Navy spox says 12 foreign sailors taken hostage by pirates off Nigeria coast safely released

Sunday, July 4, 2010

Nigeria navy says pirates released foreign sailors

LAGOS, Nigeria — Twelve foreign sailors taken hostage off Nigeria’s oil-rich and restive southern delta were safely released Sunday, a Nigerian naval spokesman said.

Commodore David Nabaida told The Associated Press that all the men were in good condition after pirates dropped them onto a fishing trawler off the coast of the Niger Delta. The captain of the trawler then informed naval authorities of their release.

The Seafarers Union of Russia said the crew aboard the BBC Palonia consisted of seven Russians, two Germans, and a Latvian, Lithuanian and Ukrainian.

Nabaida said that the men will be interviewed, but all appeared to be in good health. He said he had no information on whether a ransom had been paid to secure the men’s release. Most hostages are released unharmed in these types of kidnappings after some sort of a ransom is paid.

The German foreign ministry Sunday confirmed the two Germans were safe.

Pirates boarded the German-flagged cargo ship BBC Palonia Friday night off the coast of the Niger Delta. A struggle broke out during the attack and pirates shot one crew member in the leg during the fight, Nabaida said.

Nabaida said the Nigerian navy escorted the ship to safe waters and transported the wounded Ukrainian sailor to a local hospital.

“We are working on how to arrest them (pirates),” Nabaida said.

Friday’s attack is just the latest as acts of piracy increase in the Gulf of Guinea, especially along Nigeria’s 530 miles of coastline.

Such attacks have been common in the Niger Delta, a region of swamps, mangrove fields and creeks almost the size of South Carolina.

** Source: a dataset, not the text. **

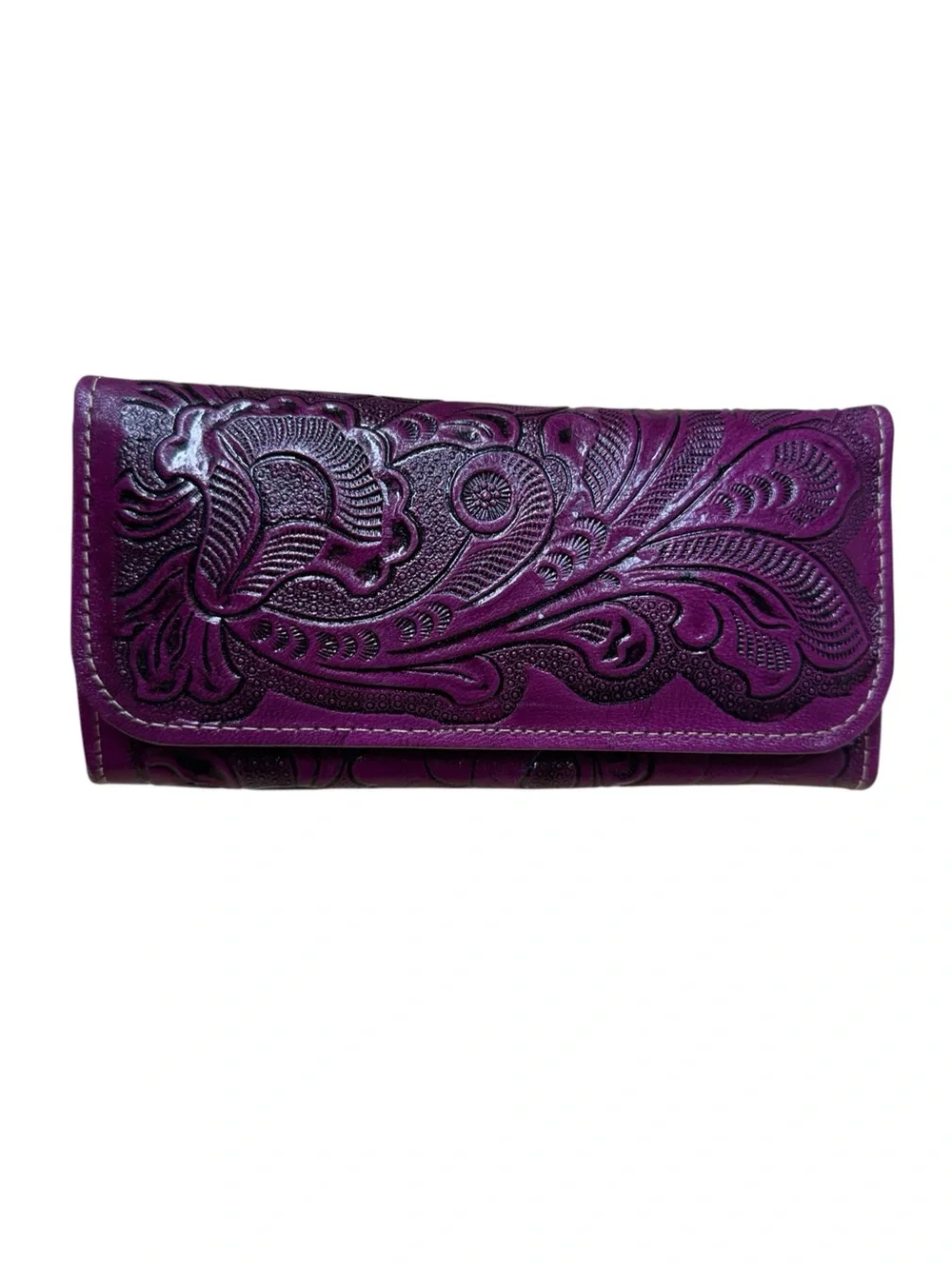 Mexican leather embossed wallet purple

Militants have kidnapped oil workers, bombed crude pipelines and fought with government troops since an insurrection began there in 2006. While a government-sponsored amnesty deal has slowed violence in recent months, analysts worry the program has begun to fray as weapons remain plentiful in the impoverished region.

Also Sunday, the Seafarers’ Union of Russia said two Russians and a Lithuanian who were kidnapped from ships in Cameroon in May have been released.

In a statement Sunday, the union said the release came after talks, but did not specify whether a ransom had been paid. The union said the information came from the Greek shipping company Balthellas, owner of the freighter MV North Spirit.

The Russian captain and chief engineer of the North Spirit were abducted May 16 in an attack off Douala, the commercial capital of Cameroon. The Lithuanian was seized from the refrigerator ship Argo two days later.

All three were being taken to Lagos, Nigeria, for medical examination, the statement said.